Black satin hats, with battlement edges, are much worn in carriages; they are ornamented with full plumes of feathers; the most elegant hat we have seen, but we must remark that it will only suit a lovely face, is the chapeau a la-Comtesse; it is somewhat in the Mary Stuart style, and is crowned by a superb plume of feathers; the hat itself is of black velvet. A large dishabille bonnet of the same material is well adopted to the promenade; it has a small curtain of black lace at the edge and is ornamented with two small dropping cypress feathers.
Little has been yet prepared for full dress, but the elegancies of half dress, the most becoming costume to almost every female, are so various at the Magazin de Modes we have above cited, that it is really more than our limits will allow us to record at present.
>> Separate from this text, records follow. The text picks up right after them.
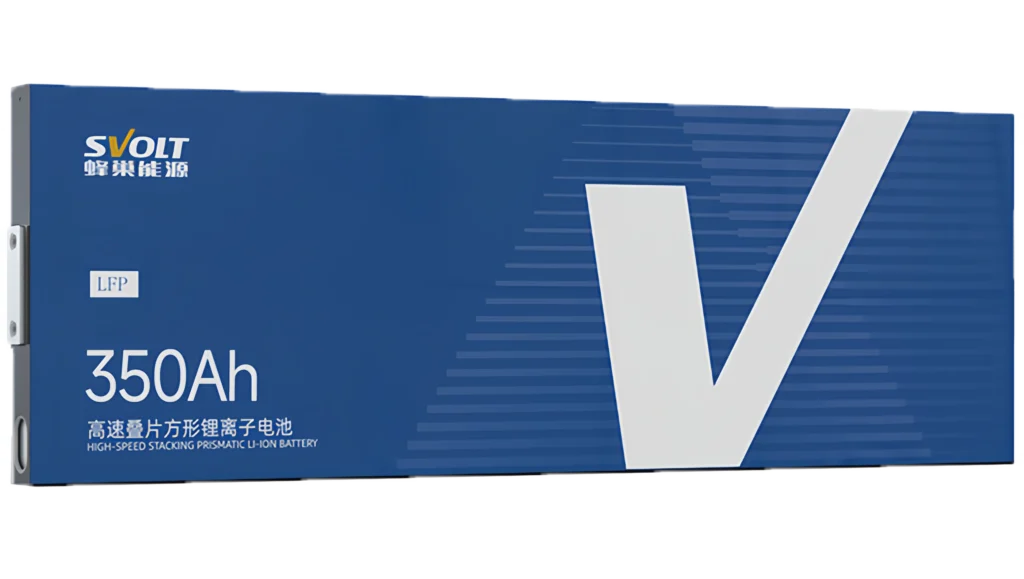 Side view of a blue SVOLT L500 350Ah LFP battery cell featuring high-speed stacking prismatic li-ion technology branding.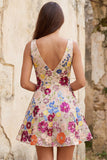 Fuchsia Flower V-Neck Sequins A-Line Short Homecoming Dress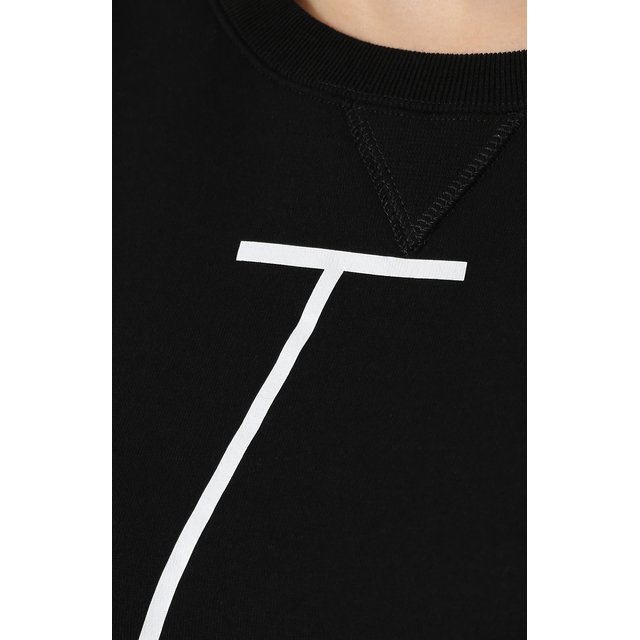 фото Хлопковый пуловер с круглым вырезом и логотипом бренда valentino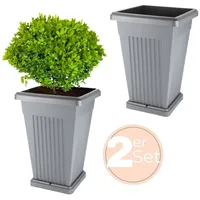 GarPet 2x Pflanzkübel Pyramide Pflanzkübel Groß Außen Blumenkübel Outdoor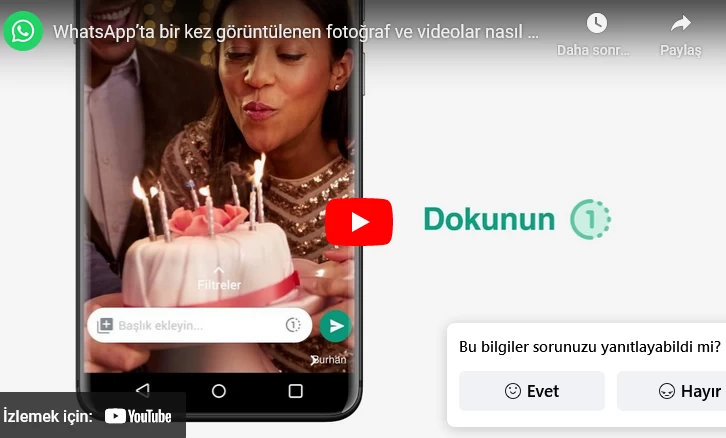 Bir kez görüntülen özelliği WhatsApp ile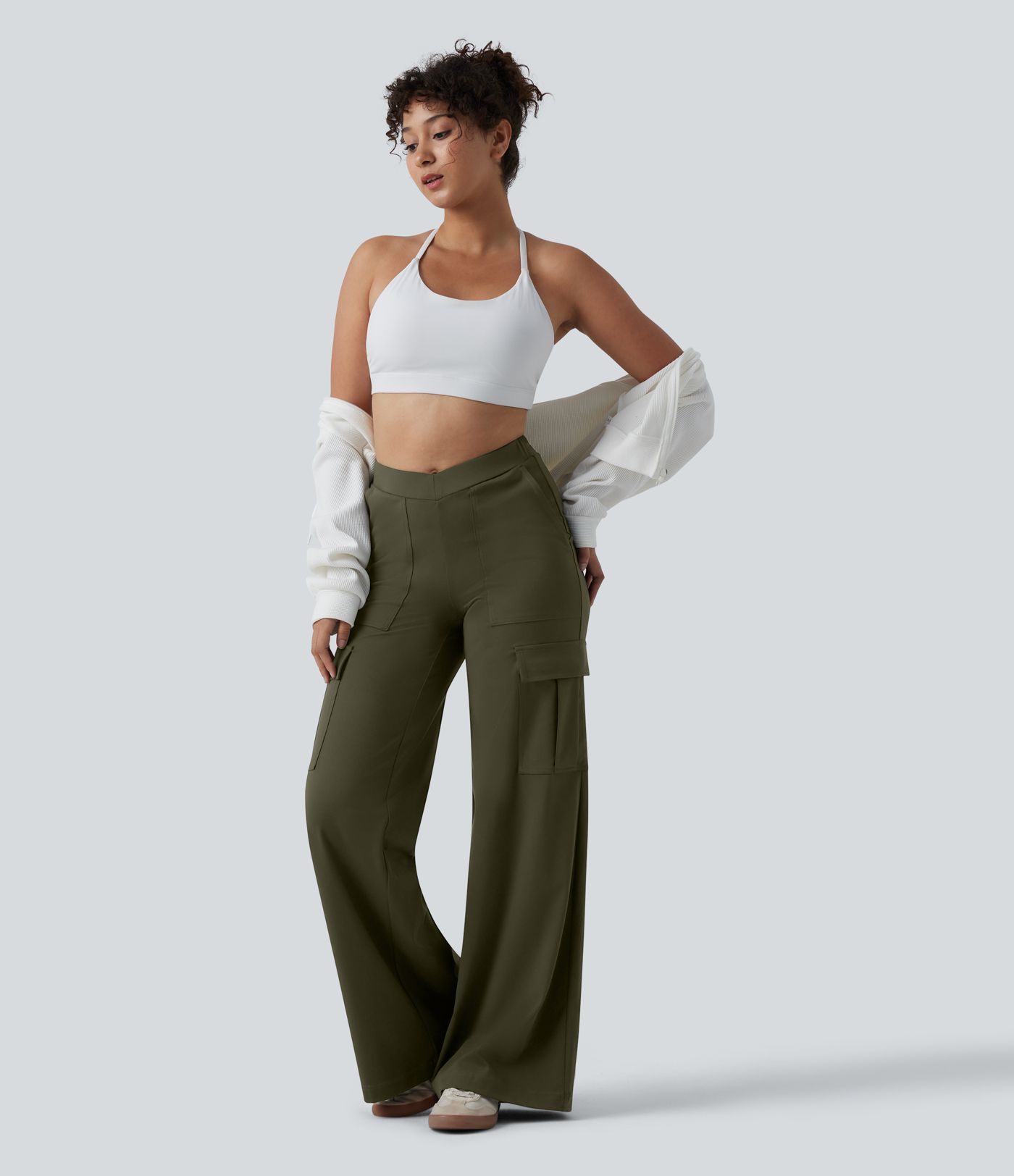 DayStretch V-Shaped High Waisted Wide Leg Casual Cargo Trousers with Pockets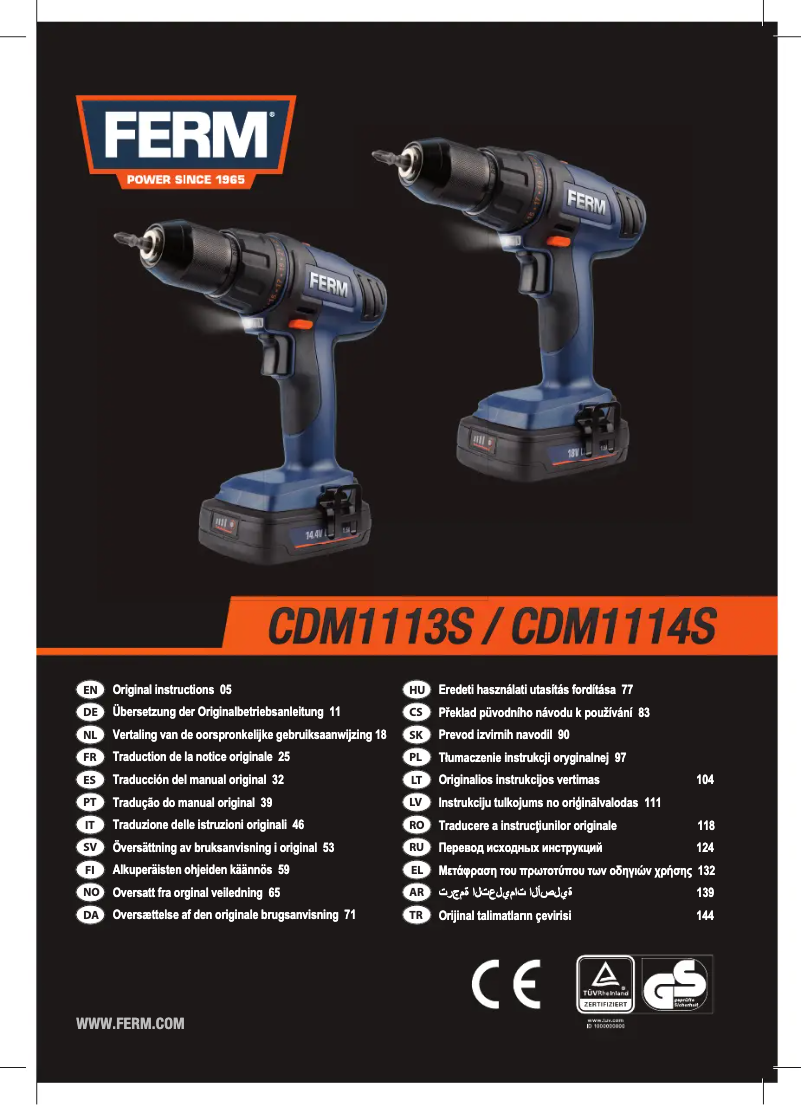 Page n°1 - Manuel utilisateur Ferm CDM1113S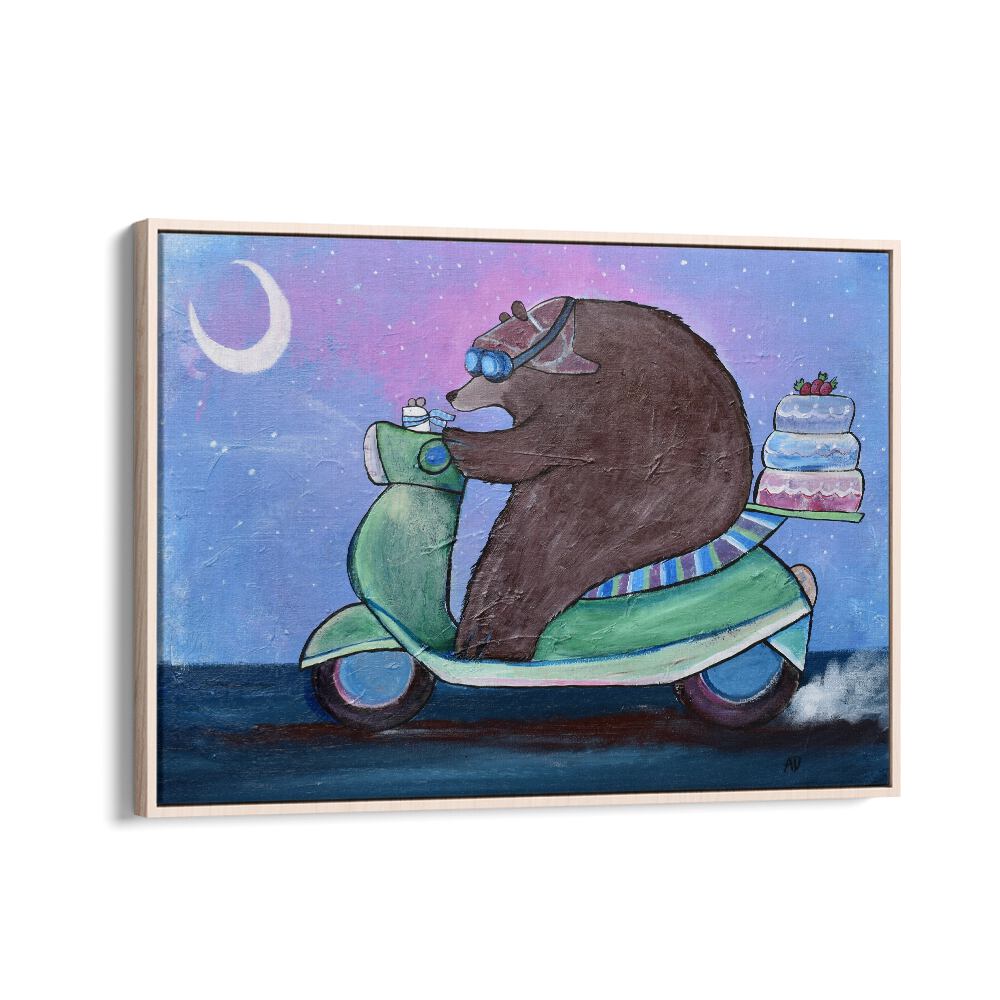 Cake Caper  Kids Paintings in Oak Wood Floater Frame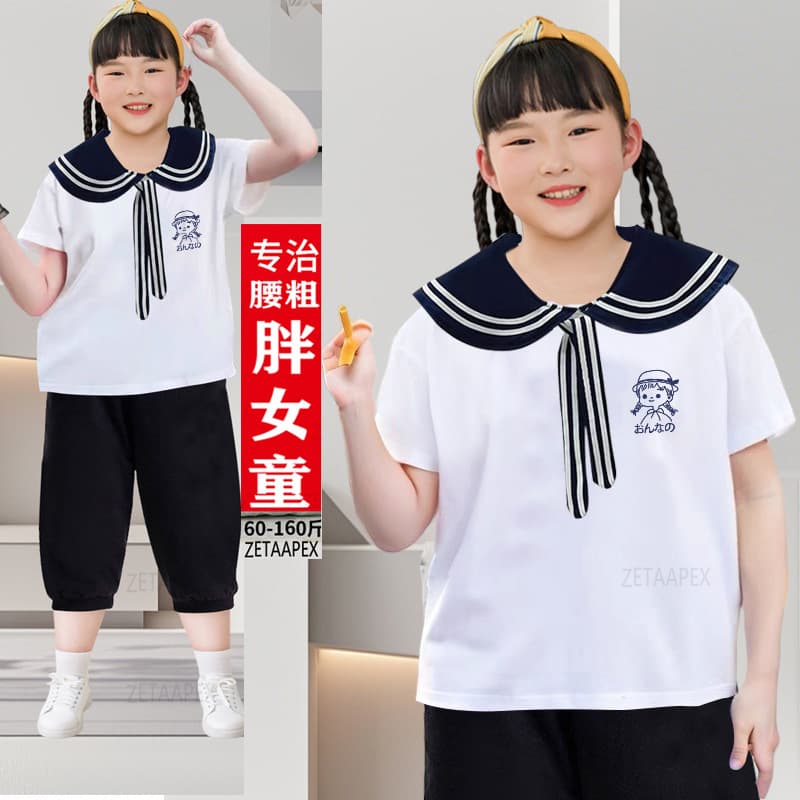 Plus Size Girls Short Sleeve T-Shirt Loose Summer Top for Overweight Children Medium and Big Kids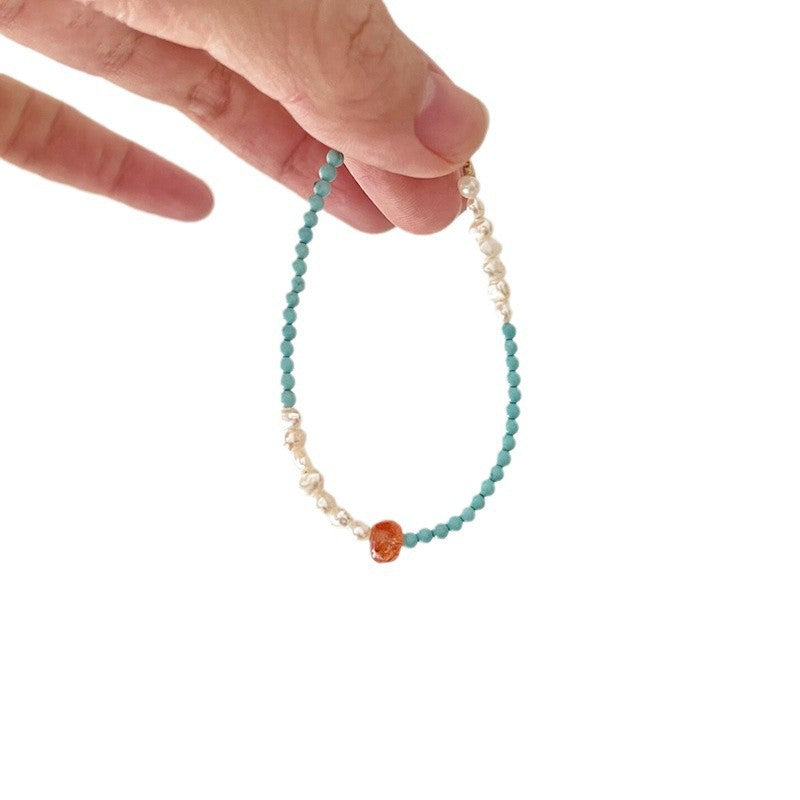 Turquoise Baroque Freshwater Pearl Bracelet Stacked Elegant Women's Bracelet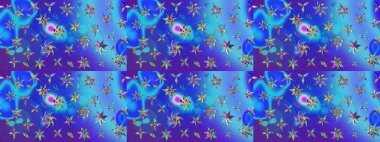 Sevimli çiçek raster deseni. Mavi ve mor renkli çiçekler. Renkli Bahar Teması eskiz kalıbı. Düz Çiçek Elementleri Tasarımı.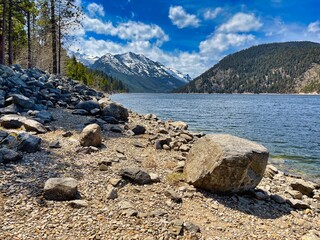 Spring at Lake Como in the Bitterroot Mountains Near Hamilton Montana.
We cannot, however, leave undescribed a most elegant and appropriate mourning dress of fine bombazine, handsomely ornamented round the border en carresux; each square finished with double crape a-la-veuvage, and the doublings headed by crape beadings: the dress is made high and is finished round the waist by an Arcadian jacket frill of crape, terminated by narrow crape puffings: the mancherons at the top of the long sleeves are trimmed to correspond with the frill.
Cornettes for the breakfast table are made of fine India muslin; the border, which consists of full quilling, has a very broad hem on each side; and the only ornament is a small bow of white love on the left side. For elderly ladies the cornette-a-la matrons is much admired, in the present close state of mourning; it is entirely of white crape, and the broad border with large plaits gives it an air of retired sorrow; these cornettes are well adapted for the very early period of widowhood; they are truly becoming and quite as mournful as the widow’s cap of the old school, and which diminishes the charms even of a very pretty face.
Amongst the head-dresses for evening parties, we beg leave first to introduce par excellance, the regal coronet turban of black velvet, surmounted by a superb chivalry plume of numerous small black feathers; this is one of the most tasteful head-dresses we have seen for some time. The private concert turban is also well adapted to musical parties, being light and without plumage; it is of black satin and crape, ornamented with real jet; a dress hat of crape and black satin ornamented with drooping cypress feathers, is much in estimation for dinner parties.
White crape and white love are equally expressive of mourning as black; the young, and the beauty whose complexion is dark, and which is by no means rendered fairer by the approximation of black next the face, have been already seen in turbans made entirely of white crape, slightly trimmed with white bugles; while those of equivocal complexions, to whom also black is not a favourable head-dress, do well to wear a white crape turban, entwined with black beads, and crowned with black flowers or feathers.
Black is not a colour wherein to tread the mazes of sportive dance; we hope, therefore, when our balls begin, that white or grey crape will be adopted for dresses, with the trimmings only of black; and as young ladies now wear nothing more than a bandeau of jet and bugles to adorn their beautiful tresses, such mourning, we think, will be sufficient; and not seeming to

“Bear about the mockery of woe
To midnight dances.”

On that note, I will bid you happy rambles.